The most recent meeting of the Maryland Council on Open Data was held on 12 June 2015 at the headquarters of the Maryland Department of Transportation in Hanover, Maryland. I attended in my role as a member of the council. The meetings are now being held quarterly, down from monthly during its first year, so the agenda was very aggressive. There were a number of items of potential interest to the GIS community:
- The Maryland Department of Information Technology (DoIT) has purchased a license of FME server with which to process data from state agencies for publication in Maryland’s open data portals.
- There were several updates to Maryland’s ELA with Esri:
- The ELA now includes 1500 named users of ArcGIS Pro.
- The ELA now includes 500 named users of ArcGIS Pro extensions
- The state’s ArcGIS Online organization (state employees, supporting contractors, etc.) has been upgraded to unlimited named users and 62,500 annual service credits.
- The ELA now includes a second ArcGIS Online Organization with 250 named users and 37,500 annual service credits for use by counties, municipalities, other localities, and supporting contractors who need to share data and applications with the state. (During natural disasters, for example.)
- Central Maryland Regional Transit has completed importing transit data for central Maryland into the General Transit Feed Specification (GTFS) format, and has received a grant to do the same for the rest of the state.
- SB094 was signed into law by the Governor, banning the practice of charging for overhead costs for the distribution of GIS data. Also, it eliminates the need to enter into a contract with a jurisdiction to request its GIS data. Old legislation permitted these practices for GIS data. The new legislation removes this obvious conflict with Maryland’s Open Data Act.
- DoIT is engaged in the creation of a statewide real property data set for distribution through the open data portals. It will be scrubbed of property owner information and will only include point geometry. The more detailed parcel data sets may still be requested through the Maryland Department of Planning.
I’ve been impressed with the progress of the Council so far. There has been good support from the participating agencies toward getting additional data into the portals. The new administration seems committed to open data, though they are still trying to get their footing.

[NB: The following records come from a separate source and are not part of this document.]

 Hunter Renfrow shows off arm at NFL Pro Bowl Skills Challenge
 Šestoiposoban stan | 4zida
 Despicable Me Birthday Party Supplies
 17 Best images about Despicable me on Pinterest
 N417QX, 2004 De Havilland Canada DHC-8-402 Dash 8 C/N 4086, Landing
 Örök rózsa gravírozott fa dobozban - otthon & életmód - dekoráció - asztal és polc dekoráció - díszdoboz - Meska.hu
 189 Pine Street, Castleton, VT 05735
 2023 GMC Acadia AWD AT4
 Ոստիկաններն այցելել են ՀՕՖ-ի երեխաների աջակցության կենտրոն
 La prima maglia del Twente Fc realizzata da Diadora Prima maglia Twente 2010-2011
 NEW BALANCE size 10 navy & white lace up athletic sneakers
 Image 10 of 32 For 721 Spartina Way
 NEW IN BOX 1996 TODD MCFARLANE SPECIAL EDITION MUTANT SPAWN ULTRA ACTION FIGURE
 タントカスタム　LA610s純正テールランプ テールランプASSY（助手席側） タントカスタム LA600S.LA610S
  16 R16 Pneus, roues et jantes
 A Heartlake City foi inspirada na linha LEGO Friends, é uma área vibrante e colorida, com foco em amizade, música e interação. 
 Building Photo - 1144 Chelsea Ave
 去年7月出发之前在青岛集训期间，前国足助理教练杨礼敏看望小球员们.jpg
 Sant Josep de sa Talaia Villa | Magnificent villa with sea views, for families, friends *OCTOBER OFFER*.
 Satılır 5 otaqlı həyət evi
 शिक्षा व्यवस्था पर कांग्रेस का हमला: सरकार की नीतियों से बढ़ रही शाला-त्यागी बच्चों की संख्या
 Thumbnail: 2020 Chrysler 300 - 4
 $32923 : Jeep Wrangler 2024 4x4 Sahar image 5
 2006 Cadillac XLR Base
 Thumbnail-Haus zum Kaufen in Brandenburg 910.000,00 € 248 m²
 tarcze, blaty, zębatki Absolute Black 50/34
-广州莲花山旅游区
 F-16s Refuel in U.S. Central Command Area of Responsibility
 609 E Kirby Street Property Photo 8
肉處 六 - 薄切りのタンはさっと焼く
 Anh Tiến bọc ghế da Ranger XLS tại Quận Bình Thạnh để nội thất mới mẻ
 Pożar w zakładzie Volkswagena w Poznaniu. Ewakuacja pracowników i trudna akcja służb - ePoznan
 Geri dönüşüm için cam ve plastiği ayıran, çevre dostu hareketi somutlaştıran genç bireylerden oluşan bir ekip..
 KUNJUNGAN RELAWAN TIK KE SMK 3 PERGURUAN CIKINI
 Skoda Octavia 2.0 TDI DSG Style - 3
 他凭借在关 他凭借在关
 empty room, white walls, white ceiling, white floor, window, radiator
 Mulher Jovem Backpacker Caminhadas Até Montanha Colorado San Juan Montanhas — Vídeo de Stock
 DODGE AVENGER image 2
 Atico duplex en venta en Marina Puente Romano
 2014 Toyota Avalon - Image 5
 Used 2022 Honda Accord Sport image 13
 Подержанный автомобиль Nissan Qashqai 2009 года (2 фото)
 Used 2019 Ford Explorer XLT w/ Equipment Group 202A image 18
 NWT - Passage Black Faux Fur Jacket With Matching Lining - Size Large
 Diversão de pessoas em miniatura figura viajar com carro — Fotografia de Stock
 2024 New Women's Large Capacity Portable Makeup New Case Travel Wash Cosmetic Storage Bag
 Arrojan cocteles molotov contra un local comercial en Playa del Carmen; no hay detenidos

The fact that the state has two open data portals is still something of a problem as it requires users to know which portal they need to use for which type of data. The “open data portal” is a Socrata platform that has limited spatial data capabilities (https://data.maryland.gov/), whereas spatial data is available on an instances of Esri’s Open Data product, which has richer spatial data capability. The Esri portal suffers from the fact that it is served from a much less intutive address (http://data.imap.maryland.gov/) and that it is much less feature-rich for non-spatial data. As a result, the state is still in need of a single platform that combines the features of both current portals, while providing a unified search.
The next meeting of the council is in September so the one-year anniversary of its first meeting will fall between meetings. As a result, I’ll consider this past meeting the anniversary of sorts. The accomplishments the state has made in a short amount of time speak well of the state’s commitment to open data as well as the energy of GIO Barney Krucoff and his staff.
Interesting – there’s a dogma here that open data requires open source, which doesn’t seem to have applied in Maryland at all. I’d love to hear your thoughts around whether there were credible open source alternatives.
There were credible open-source alternatives, CKAN being the most obvious. The Esri Open Data portal is itself open source, though it has back-end dependencies that may not be. There is an important distinction to be made between open data and open source, as they are indeed two separate issues.
I like the Maryland Open Data Act for a lot of reasons, but a key one is that it forms a baseline set of requirements for opening data in Maryland. I could implement a system that complies with the full text of the law using a number of commercial technologies, up to and including Sharepoint backed by a full Microsoft stack. I wouldn’t do that for considerations too numerous to expound upon here, but it would be feasible.
In Maryland’s case, the state already had a significant existing infrastructure based on Esri and Socrata. The portals that are currently serving out data already existed because of previous requirements. A rip-and-replace in the name of simply using open source wasn’t really justifiable, given that the current technologies could meet the state’s needs.